«…que el pensamiento no puede tomar asiento,

el pensamiento es estar siempre de paso».

El texto que veis arriba perforó mi cerebro durante los primeros años de mi adolescencia, cuando me gustaba oír canciones de Aute que mi padre ponía en los viajes del coche familiar. Durante muchos años de mi vida esos trayectos fueron el momento en el que escuchaba más música. Si pensáis que ponerle cantautores de la Transición o antes es una educación rara para un niño os diré en primer lugar que sí, que no es lo habitual. Y luego añadiré que mi padre puso casi cualquier tipo de música cuando me llevaba en coche. Así que también tengo tiernos recuerdos oyendo a SKA-P, Amaral, Enya o La Oreja de Van Gogh. Así que de chico me emocionaba igual escuchando La Chica del Gorro Azul que La Estampida. Todo eso teniendo la suerte de que me llevaron de un lado a otro de Andalucía descubriendo calles, bosques y playas.

Lo cierto es que debo estarle agradecido a mi padre por esa estimulación. Oír música tan distinta hizo que percibiera pronto que el mundo era complejo y había muchos tipos de historias y puntos de vista. Por supuesto, le pillé el truco a unas cosas mejor que a otras. Nunca me terminó de gustar Antonio Orozco y hasta que no estuve terminando la adolescencia no le tomé el gusto al rock progresivo. Y con el tiempo empecé a conocer música por mis amigos, y el rap y el metal entraron para desbaratar aún más mi cabeza. Y en mis últimos años de instituto descubrí lo que suele llamarse «pop indie», con grupos como Atención Tsunami. Aunque sé que se puede opinar con bastante razón que ya oía ese género de antes, por Amaral…

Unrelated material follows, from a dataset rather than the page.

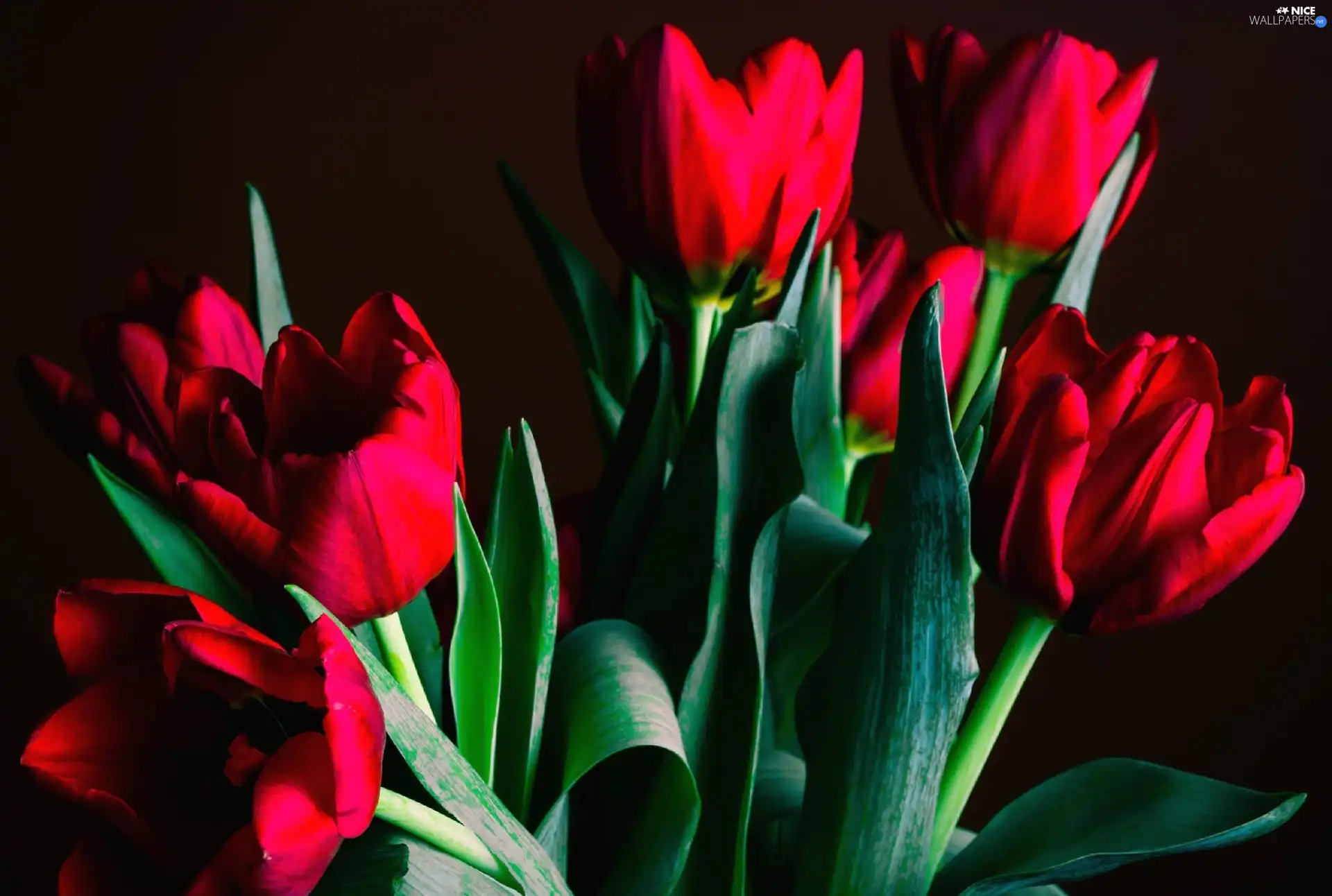 tulips, bouquet, red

…Bueno, me estoy yendo por las ramas. En un principio quería escribiros sobre lo que significó para mí esa frase de Aute. Pero quería contextualizarlo con lo que significaba para mí la música en el coche familiar.

Por si alguien se lo pregunta, diré que mi padre reaccionó sorprendentemente bien a la música nueva que quise poner en el coche. Puedo decir con orgullo que mi viejo conoce a Sirenia, al Tote King o a Love of Lesbian con la misma naturalidad que a King Crimson, jeje. Una vez que estábamos oyendo metal gótico, mi madre se quejó de que mezclaran a un tío cantando guturales con una vocalista femenina de bella voz. Sin embargo, mi padre había pillado tan bien de qué iba la cosa que le respondió con entusiasmo: «es que esta música es del cielo y del infierno al mismo tiempo». Eso dijo un señor nacido en 1956.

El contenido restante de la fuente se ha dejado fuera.